Developer Productivity With and Without GitHub Copilot: A Longitudinal Mixed-Methods Case Study
Pith reviewed 2026-05-18 14:10 UTC · model grok-4.3
The pith
GitHub Copilot adoption produced no statistically significant rise in commit-based activity metrics among developers who used the tool.
A machine-rendered reading of the paper's core claim, the machinery that carries it, and where it could break.
Core claim
In this longitudinal mixed-methods case study, individuals who adopted GitHub Copilot showed no statistically significant changes in commit-based activity metrics after the tool's introduction. Minor increases were observed, yet these did not alter the pre-existing pattern in which Copilot users had been consistently more active than non-users. The analysis of 26,317 commits across 703 repositories, combined with survey responses and 13 interviews, therefore reveals a discrepancy between changes in objective activity measures and the subjective sense of productivity gains.
What carries the argument
Pre- and post-adoption comparison of commit-based activity metrics (such as commit counts and related indicators) across Git repositories, set against self-reported productivity from surveys and interviews.
If this is right
- Objective commit metrics may miss productivity effects that developers themselves notice when using generative AI coding tools.
- Developers who voluntarily adopt such tools already differ in baseline activity levels from those who do not.
- Perceived productivity gains can occur without corresponding rises in the volume of commits produced.
- In large organizations, introducing AI assistants does not automatically produce measurable increases in repository activity.
Where Pith is reading between the lines
- Organizations evaluating these tools may need to supplement commit counts with measures such as task completion time or code review effort.
- Flat activity metrics could indicate that the tool reduces the work required per commit rather than raising the number of commits.

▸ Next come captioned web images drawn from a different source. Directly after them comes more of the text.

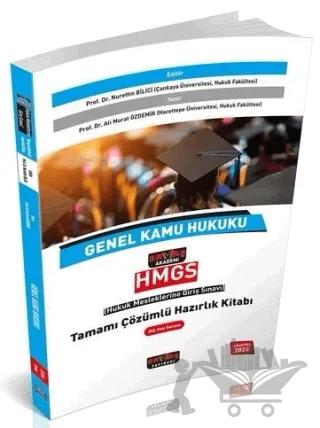 2025 HMGS Genel Kamu Hukuku Hazırlık Kitabı Çözümlü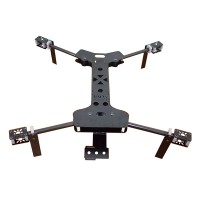 F550 FPV Alien Quadrocopter FPV Frame Rahmen - DJI BlackSnapper Style Multicopter Carbon Fiber Tube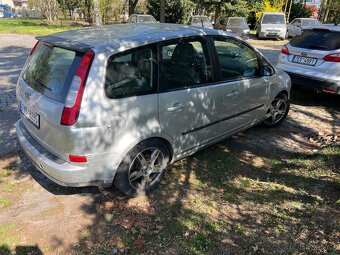 Ford focus C max 1,6 diesel, 80kw, rv 2006 - 4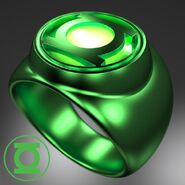 The Power Ring, the iconic tool for the Green Lanterns in their fight to ensure peace for all life.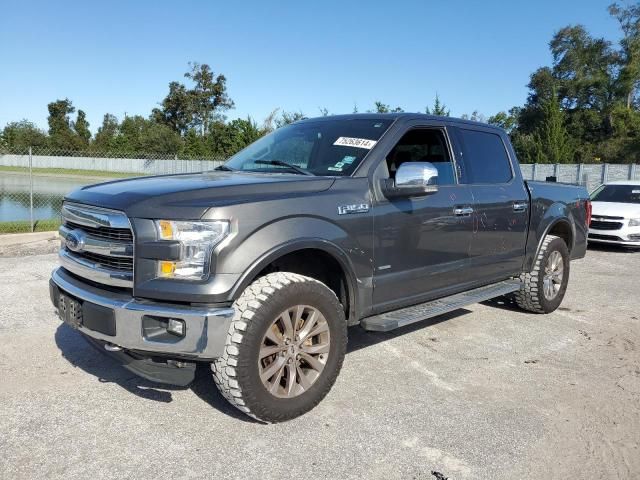 2015 Ford F150 Supercrew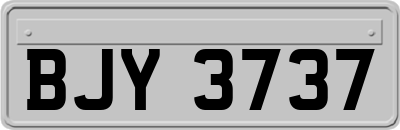 BJY3737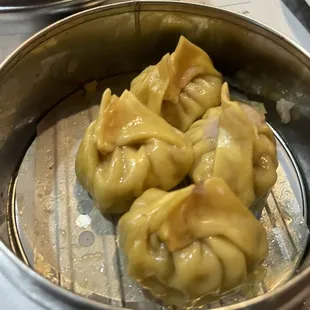 Pork and shrimp dumplings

- The observed discrepancy invites direct tests of whether other productivity indicators, like defect rates or feature velocity, move in line with user reports.
Load-bearing premise
Commit counts and similar activity metrics serve as a valid proxy for changes in developer productivity caused by the tool, and pre-existing differences between user groups can be adequately controlled.
What would settle it
A re-analysis of the commit data that finds statistically significant activity increases for Copilot users after tighter controls for individual experience or role, or new interviews in which users report no perceived productivity improvement.
Figures
read the original abstract
This study investigates the real-world impact of the generative AI (GenAI) tool GitHub Copilot on developer activity and perceived productivity. We conducted a mixed-methods case study in NAV IT, a large public sector agile organization. We analyzed 26,317 unique non-merge commits from 703 of NAV IT's GitHub repositories over a two-year period, focusing on commit-based activity metrics from 25 Copilot users and 14 non-users. The analysis was complemented by survey responses on their roles and perceived productivity, as well as 13 interviews. Our analysis of activity metrics revealed that individuals who used Copilot were consistently more active than non-users, even prior to Copilot's introduction. We did not find any statistically significant changes in commit-based activity for Copilot users after they adopted the tool, although minor increases were observed. This suggests a discrepancy between changes in commit-based metrics and the subjective experience of productivity.
Editorial analysis
A structured set of objections, weighed in public.
Referee Report
Summary. This paper presents a longitudinal mixed-methods case study investigating the impact of GitHub Copilot on developer activity and perceived productivity within NAV IT, a large public sector agile organization. It analyzes 26,317 unique non-merge commits from 703 GitHub repositories over two years, comparing commit-based activity metrics between 25 Copilot users and 14 non-users, supplemented by survey responses on roles and perceived productivity as well as 13 interviews. The central findings are that Copilot users showed consistently higher activity levels than non-users even prior to adoption, with no statistically significant changes in commit-based metrics after adoption (though minor increases were observed), suggesting a discrepancy between objective activity metrics and subjective productivity perceptions.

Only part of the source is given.